• Les Tintins de la Fin des Temps.

    On était en 1976. J’avais quinze ans et plus trop d’illusions en politique (Chirac ? Cochin ? La liste Weil ! Le PS ! Les Européennes !). On avait beaucoup attendu l’album, après l’étrange et drolatique Vol 714 pour Sydney qui recyclait le Matin des magiciens de Pauwels et Bergier : et l’on fut servi.
    Les picaros furent insultés ou incompris. C’était un album ingrat et exigeant, l’équivalent du cinéma d’auteur…

    On voyait bien qu’Hergé avait renoncé à sa mythologie jugée réac par l’Ennemi ; comme si l’on pouvait encore pratiquer le voyage absolu dans les années 70 marquées par le tourisme de masse, les vols charter, les tropiques à l’encan et l’abominable Guide du routard. Le vacancier occidental, bien reproduit depuis en Asie, fut le yéti, l’abominable homme des plages. Revoyez-les, ces Bronzés, ce qu’ils ont fait à l’Afrique et à la montagne. En revoyant l’Eternel retour avec Madeleine Sologne et Jean Marais, je la trouve sublime, cette montagne enneigée : elle ne l’est plus. Elle a été déniaisée et, comme dit Pagnol, l’honneur ça ne sert qu’une fois. Stations de ski… Et vous avez vu dans Rt.com à quoi ressemble l’Everest ? A un WC géant.  

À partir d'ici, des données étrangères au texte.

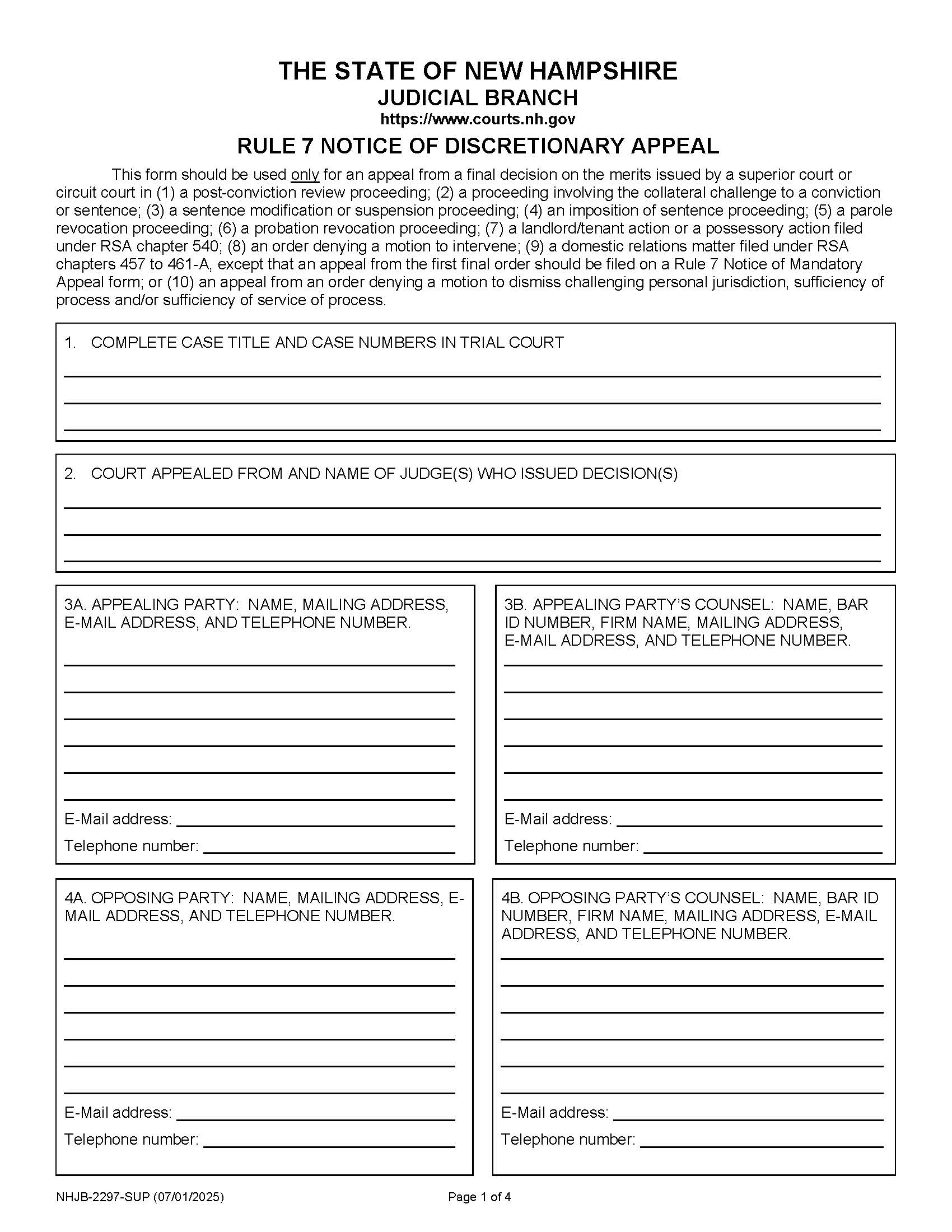 Rule 7 Notice Of Discretionary Appeal {NHJB-2297-SUP} | Pdf Fpdf Docx | New Hampshire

    C’est qu’avec la société de consommation (la mort, en vieux latin) la télé était passée par là avec le couillon tout-terrain Séraphin Lampion : bagnole, télé, Pastis, rigolade. Sans oublier la profanation du voyage que l’on nomme tourisme. 1.5 milliard de touristes maintenant… Pauvre Tintin, pauvre voyage initiatique. On pense à Céline (toujours) :

    « Je voudrais voir un peu Louis XIV face à un "assuré social"... Il verrait si l’État c'est lui ! »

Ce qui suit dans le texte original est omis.